Francamente, eles que deveriam se envergonhar por julgar meu valor na vida deles inteiramente por conta do gênero que eu apresento. Que desonra e constrangimento eu infligi a eles corrigindo o que é, essencialmente, um "defeito" de nascença meu?
Se eles realmente se importam comigo, eles deveriam estar felizes por mim, por eu finalmente ser capaz de purgar toda essa escuridão da minha alma e conseguir ficar em paz.
Continuo a escrever anonimamente porque preciso permanecer incógnito, profissionalmente e pessoalmente, por mais algum tempo, mas escrevo para eles tanto quanto para mim.
A razão pela qual escrevo tanto é encontrar uma maneira de compartilhar e expor muito do que eu tenho passado. Preciso tirar a vergonha que sinto de mim mesma por ser transgênero e fazer a transição e, por associação, remover esse mesmo sentimento de vergonha daqueles que mais amo na minha vida.
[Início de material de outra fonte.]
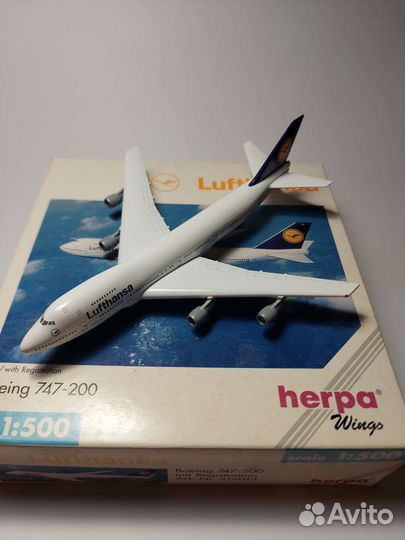 Модель самолета Lufthansa B 747-230B Herpa 1/500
Eu estimo que os outros em minha vida não tenham o mesmo tempo, vontade ou necessidade de alcançar o mesmo nível de compreensão que alcancei sobre esse tema em tão pouco tempo. Continuo escrevendo para ajudá-los ao máximo que posso, porque não quero perdê-los apenas por falta de conhecimento. Eu quero tirar essa ignorância inocente e dar a eles uma chance de, se não celebrar meu despertar, pelo menos remover esse sentimento de vergonha equivocado que tem sido tão maliciosamente associado a ser transgênero por intolerância social antiquada.
Não quero que a ignorância seja a razão pela qual alguém me rejeite. Eu quero que eles façam isso com pleno conhecimento enquanto tomam sua própria escolha.
Mas eu não exigirei a sua aceitação para que nós possamos coexistir neste mundo.
Eu só quero ter espaço suficiente para poder viver nele em paz.